La logique voudrait que l’on arrête une relation qui ne nous satisfait pas, dont on ne peut obtenir ce que l’on veut. Logiquement oui, mais c’est sans compter 1) l’idée coriace que l’on peut changer les autres 2) l’ego et le mépris. Embourbé jusqu’au cou, même en étant conscient, il ne reste plus qu’à jouer au dur, à refuser l’inéluctable, à dire que l’on sait bien que tout va finir par se casser la gueule, mais continuer quand même. La seule chose inenvisageable serait d’arrêter là, de ne même pas pouvoir vérifier, si vraiment elle est si conne que ça, si vraiment ça ne pourrait pas marcher. On veut claquer la gueule aux sables mouvants et vivre là pendant 15 ans, aux mépris des éléments, pas partir la queue entre les jambes. On veut se prouver, et lui prouver, qu’elle avait tort au moment de provoquer l’échec, qu’on le valait bien. Ensuite de deux choses l’une, soit notre mépris était infondé, et c’est parfait, soit, nouvel échec, mais suite à une mise l’épreuve, disons, et le mépris était fondé, et dans les deux cas, l’ego en sort intact, ou grandi. L’échec premier est confirmé par le second, ce n’était pas de ma faute, mais de la sienne, le mépris n’était pas qu’une simple justification. Oui, il s’agit encore d’un aveuglement volontaire et du refus de l’autocritique, mais d’un refus qui sauvegarde. On ferme les yeux sur le mépris en attendant de pouvoir prouver que la douleur, quelconque ou non, qui l’a provoqué n’aurait pas eu lieu d’être. On détourne le regard du mépris pour se protéger, se renforcer à long terme, et il y a autant de noblesse que lâcheté là-dedans. L’échec final prouve que le mépris était juste.

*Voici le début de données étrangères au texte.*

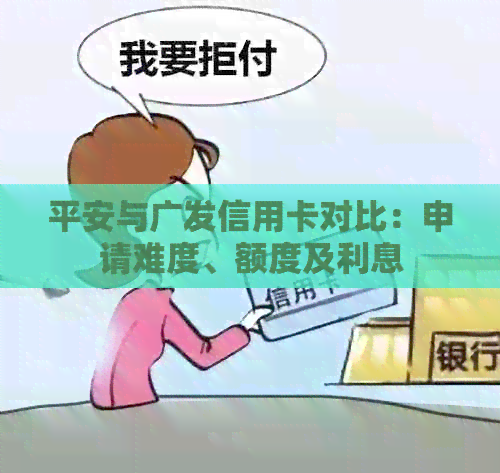 平安与广发信用卡对比：申请难度、额度及利息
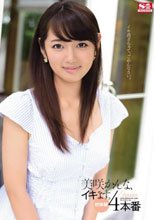 美咲かんな、イキます。初体験4本番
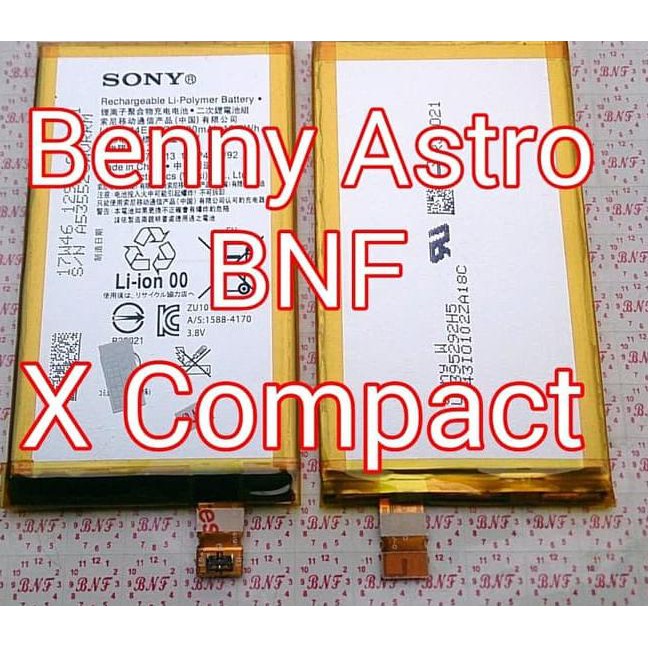 Baterai - Sony Xperia X Compact - F5321 - SO-02J - Docomo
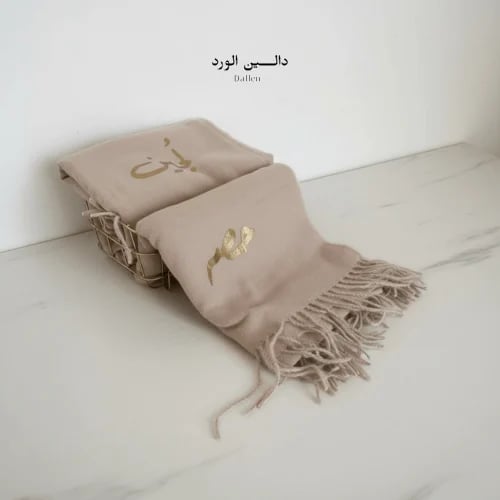 شال بالاسم | شتاء دالين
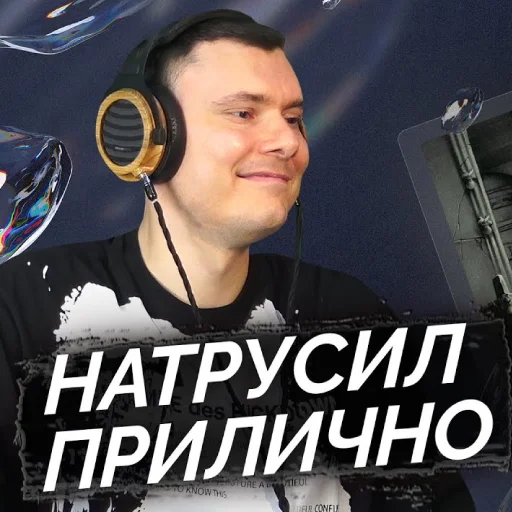 🙂 Стикер «Риса за Творчество» для Telegram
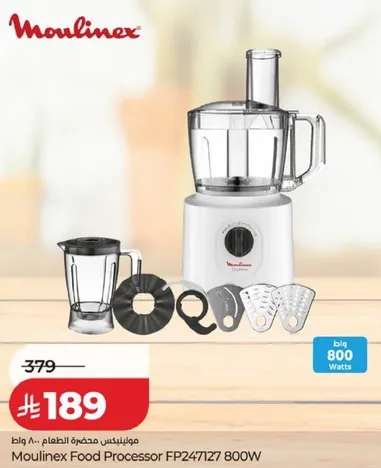 مولينكس محضره الطعام FP247127 800 واط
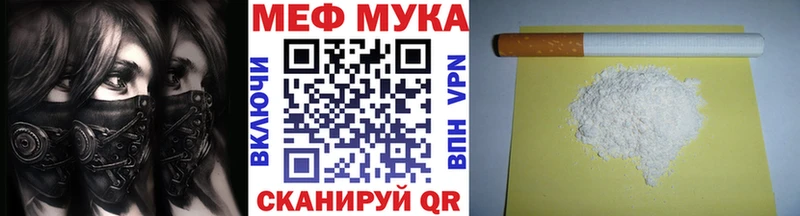 МЯУ-МЯУ мяу мяу  наркошоп  Бахчисарай 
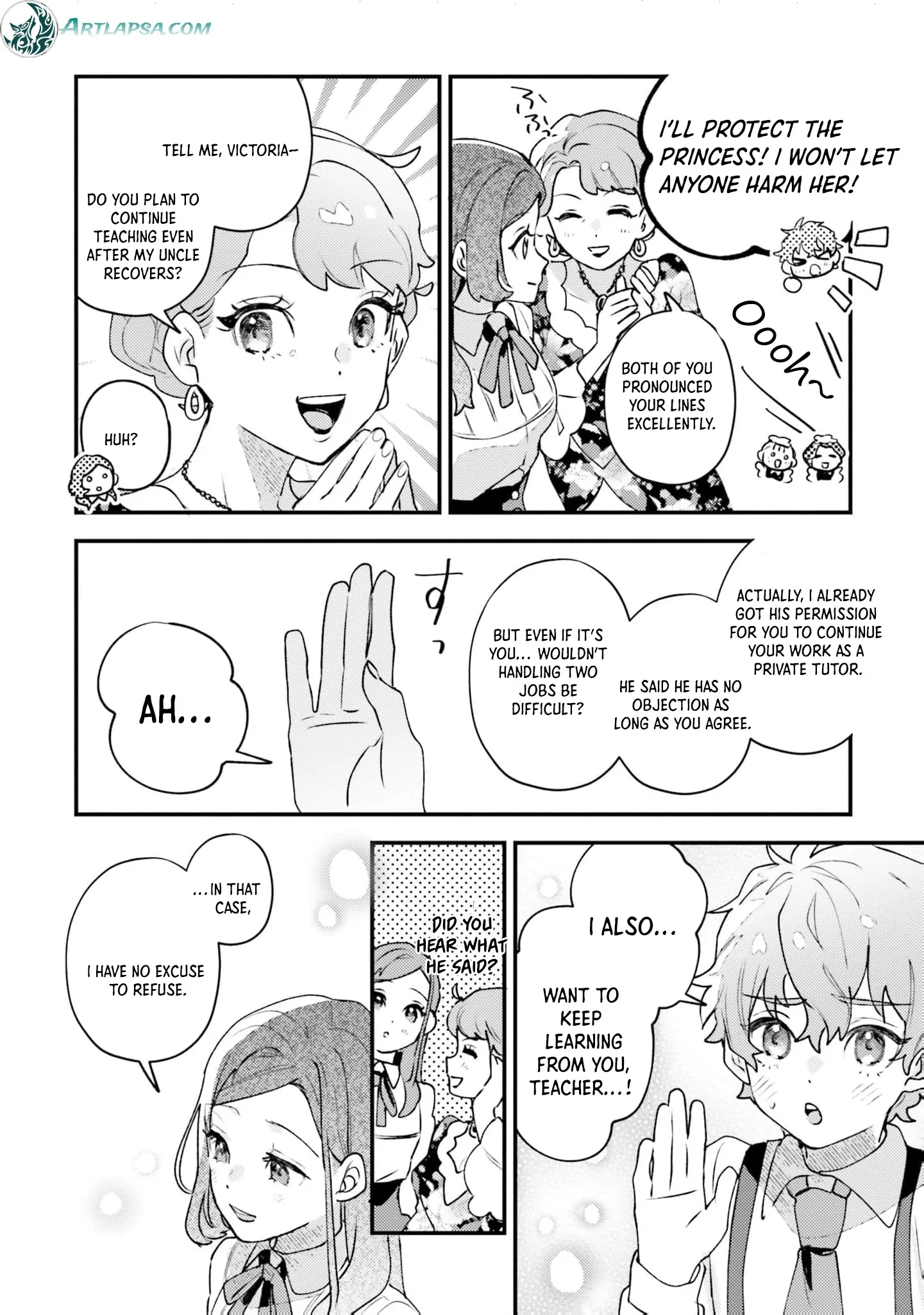 Victoria Always Has Another Card Up Her Sleeve Chapter 17 page 15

Oh, on peut, en attendant la confirmation, enrober ça d’un peu de sentiments, dire qu’au final, on y tient, à cette meuf quand même, et ce n’est pas totalement faux, mais on tient surtout à la promesse qu’elle renferme, pour notre ego et notre reflet, que nous le valons toujours bien. C’est le mépris qui nous permet de continuer à la draguer, en priant pour qu’elle ne lise pas de livres, et qu’au final ça vaille le coup, que le Saint-Esprit vienne l’effleurer, et nous donne tort.

The Most Forgotten French Boy - Dogs

Le groupe de rock français le moins connu, pour ne pas dire le plus oublié, et sans conteste un des meilleurs. Too much class for the neighbourhood les enfants.

Parentheses - The Blow

J'ai une âme à poster des trucs vieux et j'adore les chanteuses et les chansons d'amour qui se passent au supermarché.


8 commentaires:

Am. a dit…

Eva

Aka a dit…

En même temps, le mépris peut être un puissant aphrodisiaque d'entrée de jeu. Être attiré par quelqu'un qu'on méprise en partie (pas totalement, il faut bien que la personne compense d'une façon ou d'une autre) peut créer une espèce de Mindfuck qui fait qu'on a envie de comprendre et tester jusqu'où va cette attirance non ?

J'aime beaucoup "business school" comme titre par ailleurs.

Am. a dit…

Au fait, quand j'y pense, ce truc de mépris, là, ça expliquerait bien des choses sur la jumelle maléfique ahhahah

Vadim P. a dit…

A moins que dans le cas de ce que t'appelles la jumelle, ce soit un mépris pur et simple.

Duel a dit…

Toutes les filles devraient te lire.
Ce soir, j'espère qu'il me méprise qu'il me trouve bonne et qu'il en crève d'attendre. Mais je crois surtout qu'il ne me méprise même pas et ça rend dingue.

Baguette a dit…

FOREVER ALONE.

Anonyme a dit…

http://www.youtube.com/watch?v=N7m86aMNjlQ

Vadim P. a dit…

Y'a un anon qui veut faire pleurer dans les chaumières là.